### TASK TO CARRY OUT
In the entries that follow, repeat exactly the lines from the one that has "Reparar Sonido OPPO Reno 6 5G" through the one that has "阿娇四川复出七位数代言?身价不减反增(图)", but omit pictures.

### DATA PROVIDED

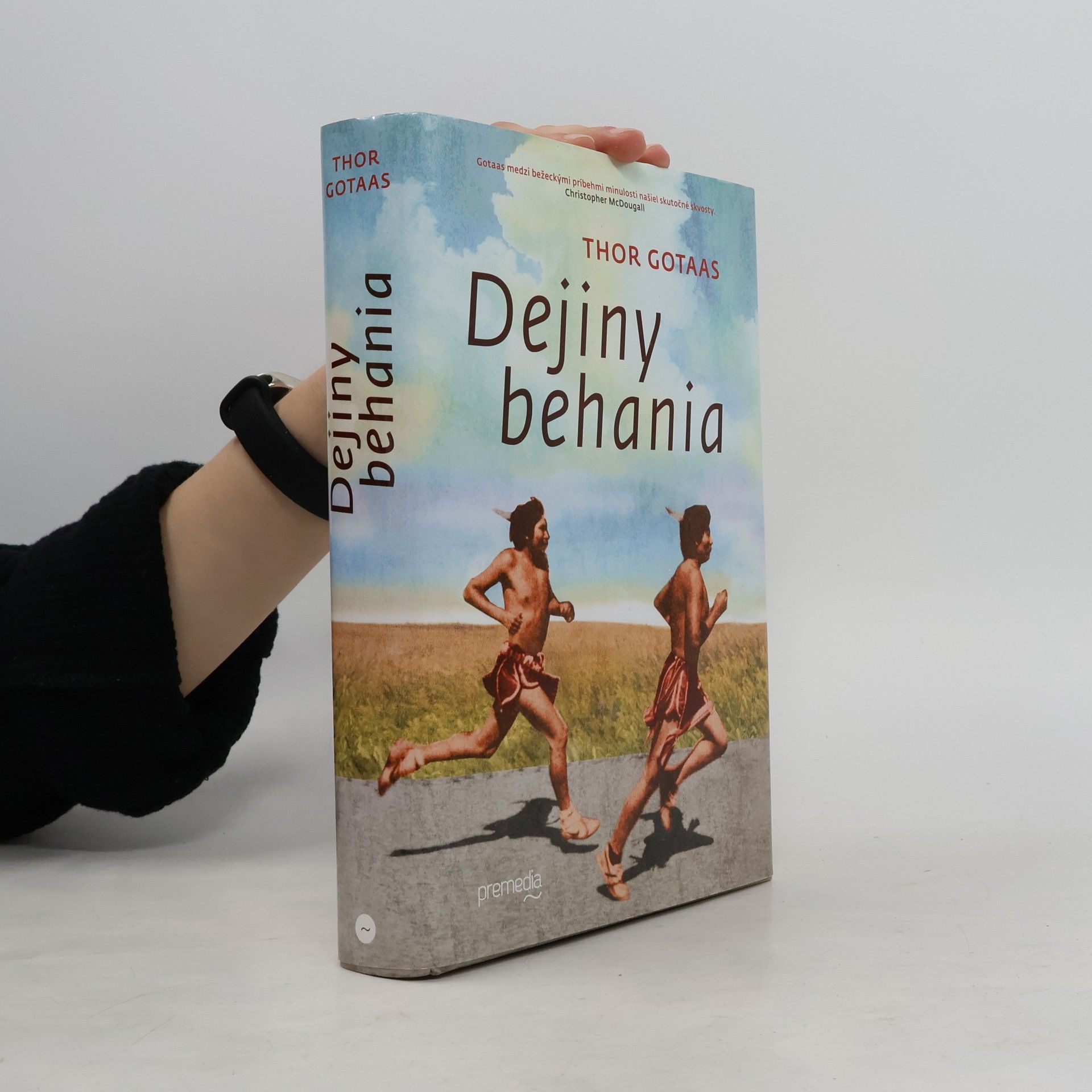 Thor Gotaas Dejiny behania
--
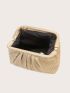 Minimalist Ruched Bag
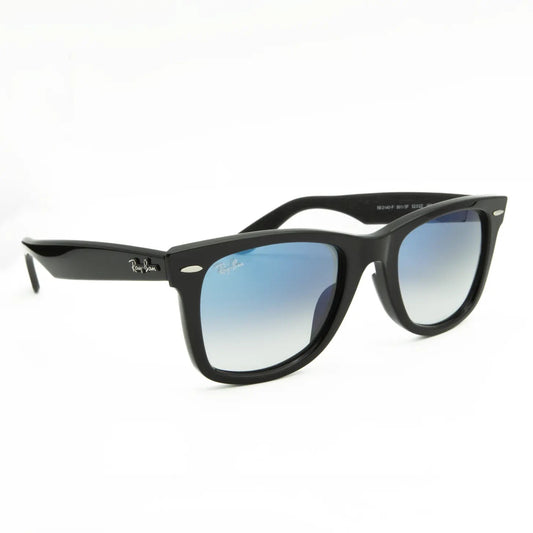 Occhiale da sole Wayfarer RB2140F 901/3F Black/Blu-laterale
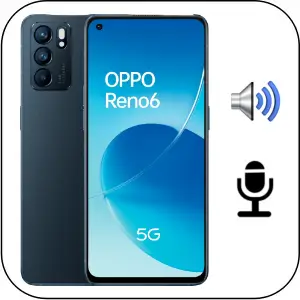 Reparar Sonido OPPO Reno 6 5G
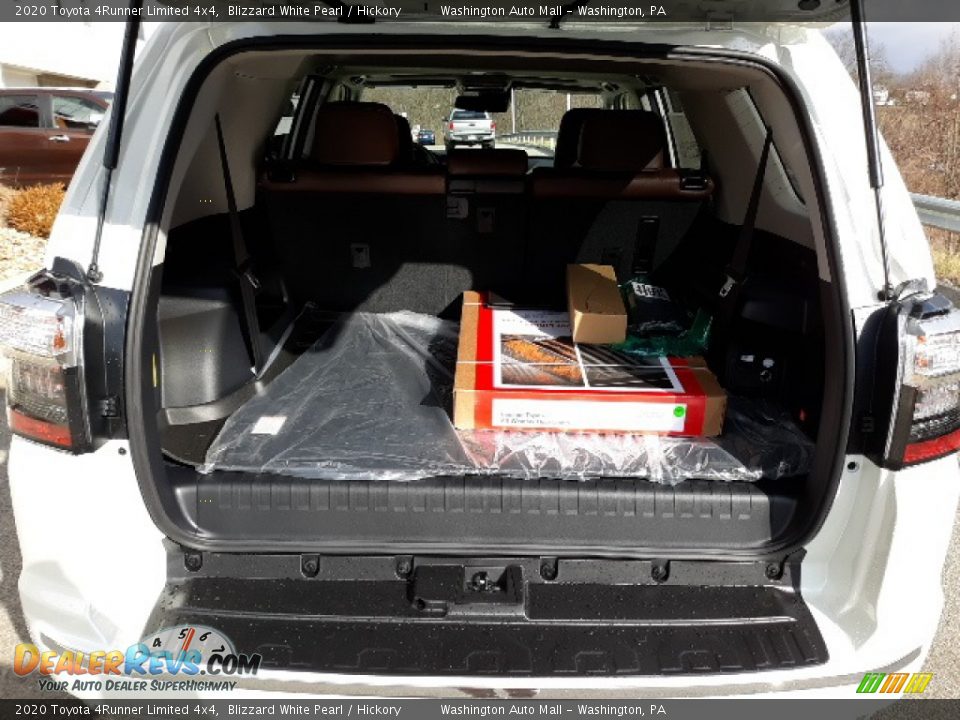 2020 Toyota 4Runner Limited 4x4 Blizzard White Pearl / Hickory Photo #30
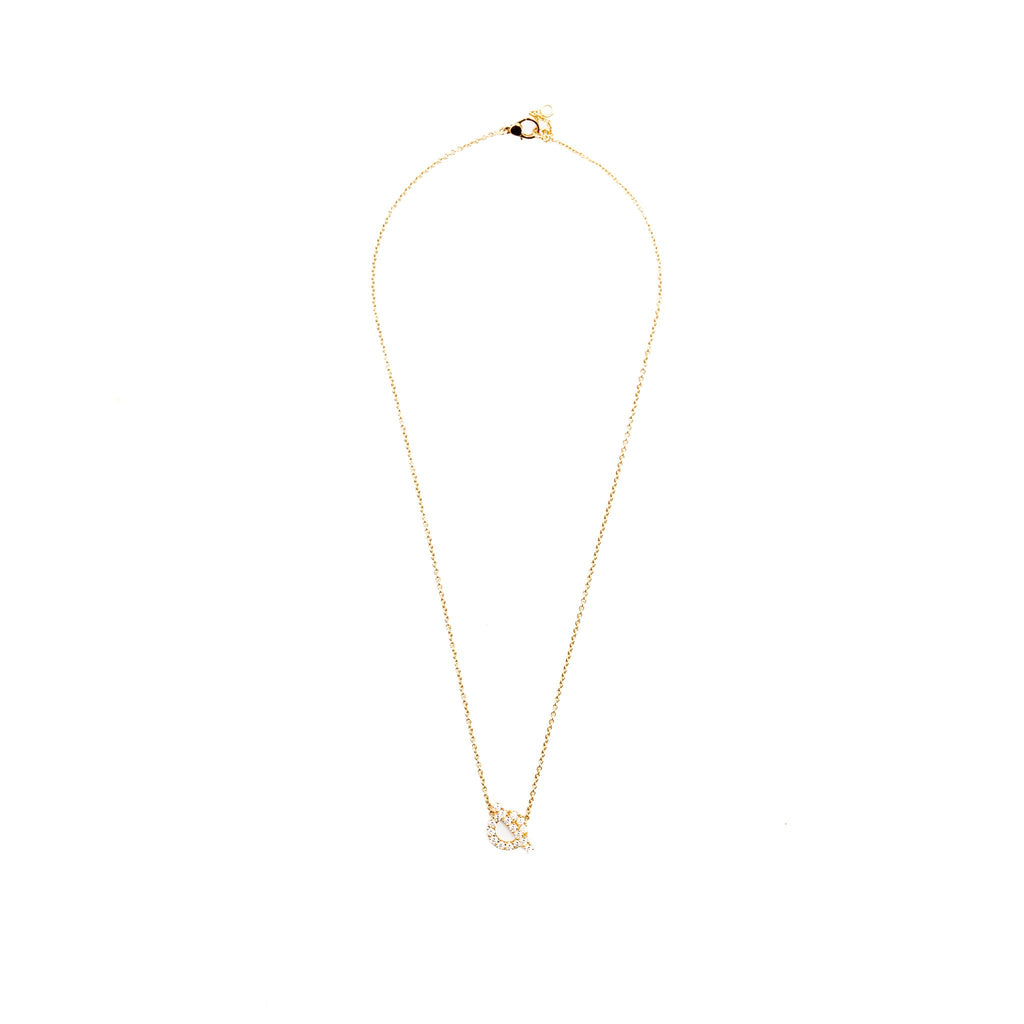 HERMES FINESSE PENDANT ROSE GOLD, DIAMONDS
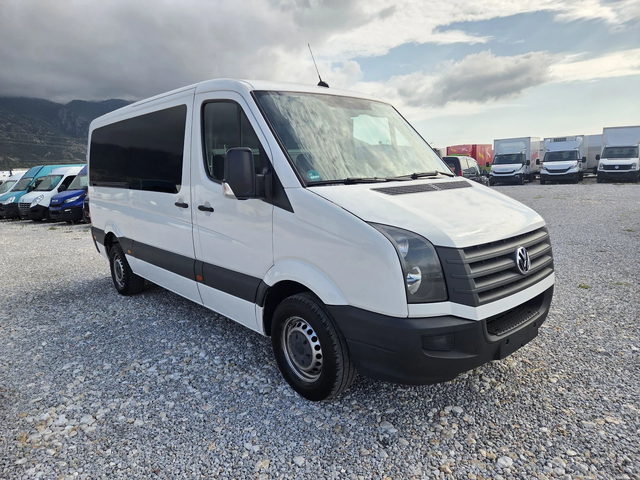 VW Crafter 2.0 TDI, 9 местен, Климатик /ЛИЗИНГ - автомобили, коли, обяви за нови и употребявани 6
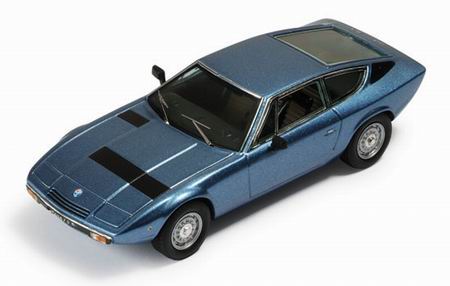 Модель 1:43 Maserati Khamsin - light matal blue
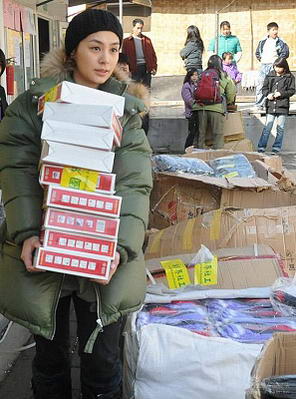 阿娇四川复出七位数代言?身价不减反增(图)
==
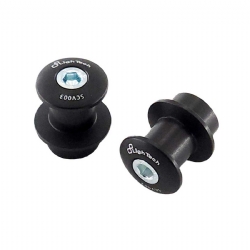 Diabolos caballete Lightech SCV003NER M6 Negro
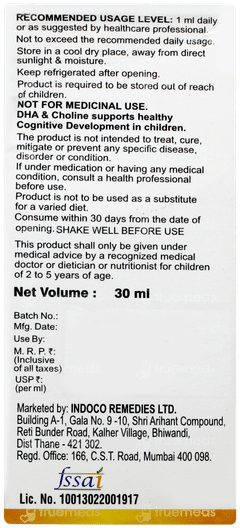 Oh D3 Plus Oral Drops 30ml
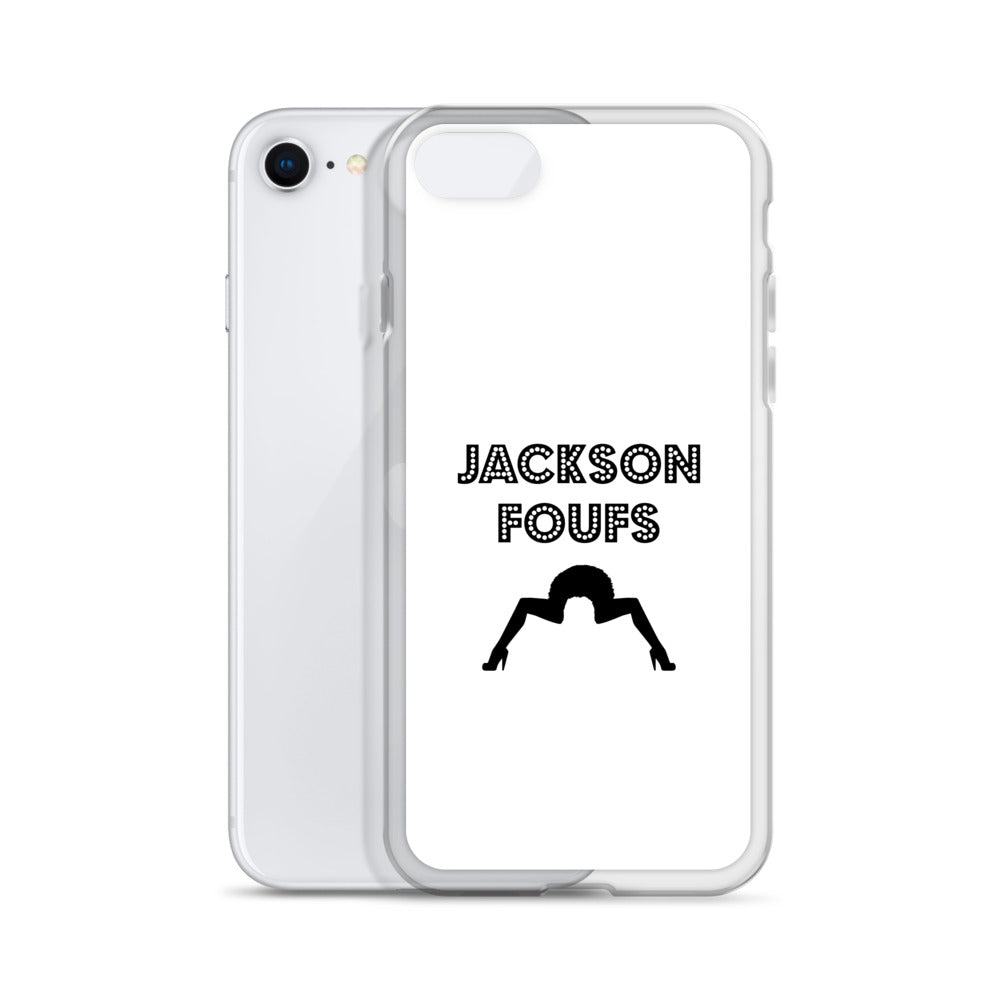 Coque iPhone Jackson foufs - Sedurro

### TASK RESPONSE
 Reparar Sonido OPPO Reno 6 5G
 2020 Toyota 4Runner Limited 4x4 Blizzard White Pearl / Hickory Photo #30
 HERMES FINESSE PENDANT ROSE GOLD, DIAMONDS
 VW Crafter 2.0 TDI, 9 местен, Климатик /ЛИЗИНГ - автомобили, коли, обяви за нови и употребявани 6
 Модель 1:43 Maserati Khamsin - light matal blue
 阿娇四川复出七位数代言?身价不减反增(图)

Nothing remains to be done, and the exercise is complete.